For example, if the use of disaggregated data is to be used to provide a breakdown of the energy consumption in a home, an accuracy metric which allows errors to cancel out over time would be suitable. However, if the use of the disaggregated data is to be used to suggest appliance loads to be deferred to a different time of day, a less forgiving accuracy metric would be required.
Therefore, inspired by discussions at the EPRI NILM 2013 workshop and in my recent involvement in the foundation of an open source disaggregation toolkit, I have decided to collect and categorise a list of commonly used accuracy metrics as shown below.
Event based metrics
Event based metrics assess how well a disaggregation algorithm detects appliance change events (e.g. washing machine turns on). However, it is not trivial to determine appliance events from sub-metered power data to be used as ground truth, and as a result often involve some subjective judgement (e.g. should a washing machine changing state mid-cycle from spin to drain constitute an event?). Furthermore, deciding whether a detected event matches a ground truth event is also not trivial (e.g. should a detected event that is 1 second apart from a ground truth event be matched?).

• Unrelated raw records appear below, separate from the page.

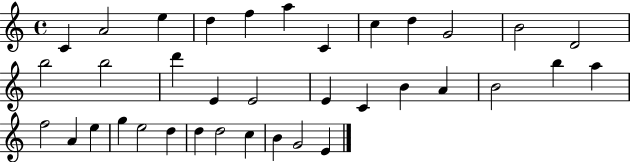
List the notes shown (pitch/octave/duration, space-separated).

C4/q A4/h E5/q D5/q F5/q A5/q C4/q C5/q D5/q G4/h B4/h D4/h B5/h B5/h D6/q E4/q E4/h E4/q C4/q B4/q A4/q B4/h B5/q A5/q F5/h A4/q E5/q G5/q E5/h D5/q D5/q D5/h C5/q B4/q G4/h E4/q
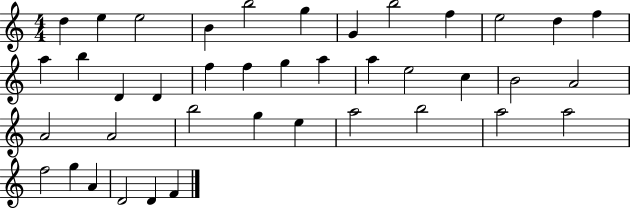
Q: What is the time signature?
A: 4/4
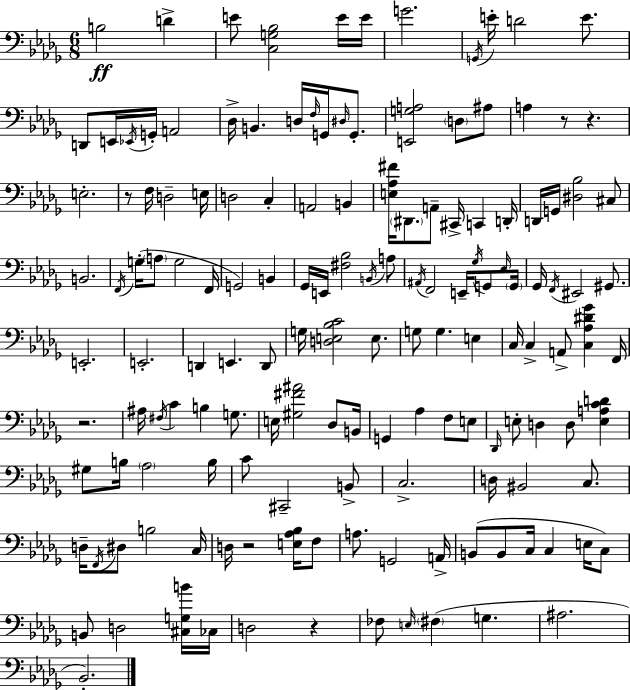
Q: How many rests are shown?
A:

- True positives, false positives, false negatives, true negatives
- Confusion matrices
- True positive rate, false, negative rate, precision, recall, F-score
Non-event based metrics
Non-event based metrics assess how well a disaggregation algorithm is able to infer the power demand of individual appliances over time. As such, it is highly dependent upon the sampling rate of the sub-metered appliance data used as the ground truth. Such metrics have the advantage that sub-metered appliance data is easily collected by hardware installations, and requires little subjective judgement. However, non-event based metrics suffer from the disadvantage that disaggregation algorithms can score very highly by predicting all appliances to always draw zero power. This occurs as a result of most appliances remaining off for the majority of each day, and therefore the disaggregation algorithm is able to correctly predict each appliances power for the majority of each day.
Overall metrics
Overall metrics assess how well a disaggregation algorithm is able to infer the total energy consumed by individual appliances over a period of time. Such metrics are often the most intuitive, since they directly correspond to the pie chart of household energy consumption (e.g. as provided by Neurio). However, overall metrics allow errors to cancel out over time (e.g. an appliance's power is overestimated on day 1, while it is underestimated on day 2, resulting in the algorithm being assigned 100% accuracy since these errors cancel each other out).